BOB SINCLAR - WESTERN DREAM
I cannot listen to this album….it brings back hideous memories of being awake for days, eating icy poles and going to clubs at 7am...It also prompts vivid recollections of what I thought was an irregular heart beat brought on by too many red bulls. It’s been a long time since I drank red bull or went to day clubs. Amen to that.
Its a great album, good for getting ready or in my case coming undone. I remember the specific day when this became a record I wouldn’t listen to for the next 5 years. While I was poor, clubbing came first so I called the promoter of a trance night, told her I was in marketing (kind of not so much of a lie yet) and I had two developers up from Melbourne keen to check out the club because they’d heard so much about it and may be interested in opening something similar...blah blah..etc etc...she put our names on the door and off we went. I’d never been there before but I found it semi alarming that the front entrance had been damaged the week before in a drive by shooting. I was also curious about the metal detector at the door because stabbing’s were so common. Nice. Retrospect is best used a minimum 4 years after stupid periods in your life. Any sooner and you’d give yourself wrinkles from all the cringing. I think its safe to ask what the hell was I thinking. Also safe to say, I want thinking. This, it seems is what your 20’s are for. Eradicating brain cells and taking risks.

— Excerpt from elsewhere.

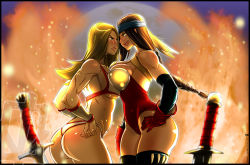 Rule 34 | 2girls, angry, armor, ass, bandana, bikini armor, blue eyes, blurry, blush, bra, breast press, breasts, brown eyes, brown hair, cowboy shot, curvy, depth of field, detached sleeves, eye contact, female focus, fire, gloves, golden axe, gradient background, hand on own hip, hands on own hips, highres, kamina1978, large breasts, leaning forward, leotard, lips, long hair, looking at another, multiple girls, original, outdoors, panties, sega, shiny skin, standing, sword, symmetrical docking, thighhighs, toned, tyris flare, underwear, weapon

So, after the night of trance, a day club till 10am and a nauseating walk home past the Harbour Bridge. I remember finally getting to my front door willing it to open faster than the 3 seconds it took. Collapsing on the carpet, Western Dream played on repeat for 8 hours...and the song I can’t handle the most is World, Hold On. French house emotes a sense of togetherness peppered with seclusion (that makes sense to me) like we’re all here in this big room dancing but alone. That’s how I felt on the lounge room floor getting up 3 times to shower and dry retch. Secluded and alone. There weren’t many more weekends like that. I believe the psychosis brought on by Bob Sinclar planted a seed that would soon become: sensibility.
It’s been real traveling down memory lane Mr Sinclar but this record in going back to the dusty shelf it was pulled from for a long time yet.